KMS states on Nica-Toeplitz algebras of product systems

TL;DR

This paper studies KMS states on Nica-Toeplitz algebras of product systems over semigroups, introducing finite type systems and constructing KMS states from traces, extending previous results for affine semigroups.

Contribution

It introduces the concept of product systems of finite type and constructs KMS states for these systems, generalizing earlier work on affine semigroups.

Findings

KMS states are characterized via restrictions to core algebras with scaling conditions.

Construction of KMS states from traces on the coefficient algebra.

Extension of known results to more general product systems and semigroups.

Abstract

We investigate KMS states of Fowler's Nica-Toeplitz algebra $\mathcal{NT}(X)$ associated to a compactly aligned product system $X$ over a semigroup $P$ of Hilbert bimodules.

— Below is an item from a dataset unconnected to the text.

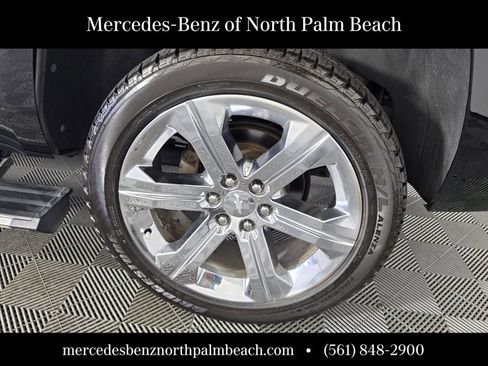 Used 2019 Chevrolet Tahoe Premier AWD/4WD image 20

This analysis relies on restrictions of these states to the core algebra which satisfy appropriate scaling conditions. The concept of product system of finite type is introduced. If $(G, P)$ is a lattice ordered group and $X$ is a product system of finite type over $P$ satisfying certain coherence properties, we construct KMS$_\beta$ states of $\NT(X)$ associated to a scalar dynamics from traces on the coefficient algebra of the product system. Our results were motivated by, and generalize some of the results of Laca and Raeburn obtained for the Toeplitz algebra of the affine semigroup over the natural numbers.